To this extent these provisions are mandatory and contravention of the same would affect the prosecution case and vitiate the trial.
(3) Under Section 42(2) such empowered officer who takes down any information in writing or records the grounds under proviso to Section 42(1) should forthwith send a copy thereof to his immediate official superior. If there is total non-compliance of this provision the same affects the prosecution case. To that extent it is mandatory. But if there is delay whether it was undue or whether the same has been explained or not, will be a question of fact in each case.
(4-A) If a police officer, even if he happens to be an “empowered” officer while effecting an arrest or search during normal investigation into offences purely under the provisions of CrPC fails to strictly comply with the provisions of Sections 100 and 165 CrPC including the requirement to record reasons, such failure would only amount to an irregularity.
(4-B) If an empowered officer or an authorised officer under Section 41(2) of the Act carries out a search, he would be doing so under the provisions of CrPC namely Sections 100 and 165 CrPC and if there is no strict compliance with the provisions of CrPC then such search would not per se be illegal and would not vitiate the trial. The effect of such failure has to be borne in mind by the courts while appreciating the evidence in the facts and circumstances of each case.
(5) On prior information the empowered officer or authorised officer while acting under Sections 41(2) or 42 should comply with the provisions of Section 50 before the search of the person is made and such person should be informed that if he so requires, he shall be produced before a Gazetted Officer or a Magistrate as provided thereunder. It is obligatory on the part of such officer to inform the person to be searched. Failure to inform the person to be searched and if such person so requires, failure to take him to the Gazetted Officer or the Magistrate, would amount to non-compliance of Section 50 which is mandatory and thus it would affect the prosecution case and vitiate the trial.

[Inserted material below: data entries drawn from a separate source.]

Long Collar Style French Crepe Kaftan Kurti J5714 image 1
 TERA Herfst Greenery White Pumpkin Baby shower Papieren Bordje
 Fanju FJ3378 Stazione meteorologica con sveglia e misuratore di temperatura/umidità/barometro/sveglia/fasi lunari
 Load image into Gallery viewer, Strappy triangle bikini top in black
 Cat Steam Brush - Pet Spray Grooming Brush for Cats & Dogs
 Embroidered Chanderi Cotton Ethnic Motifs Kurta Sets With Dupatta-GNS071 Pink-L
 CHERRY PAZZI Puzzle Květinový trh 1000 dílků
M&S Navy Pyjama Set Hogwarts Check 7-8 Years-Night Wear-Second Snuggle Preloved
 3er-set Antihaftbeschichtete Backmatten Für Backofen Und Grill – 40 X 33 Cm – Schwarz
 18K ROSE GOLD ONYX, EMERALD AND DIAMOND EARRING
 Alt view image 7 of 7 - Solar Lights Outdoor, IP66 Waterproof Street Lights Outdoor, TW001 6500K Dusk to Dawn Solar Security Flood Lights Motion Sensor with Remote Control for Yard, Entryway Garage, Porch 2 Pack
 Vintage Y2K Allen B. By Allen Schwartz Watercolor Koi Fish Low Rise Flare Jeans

(6) The provisions of Sections 52 and 57 which deal with the steps to be taken by the officers after making arrest or seizure under Sections 41 to 44 are by themselves not mandatory. If there is non-compliance or if there are lapses like delay etc. then the same has to be examined to see whether any prejudice has been caused to the accused and such failure will have a bearing on the appreciation of evidence regarding arrest or seizure as well as on merits of the case.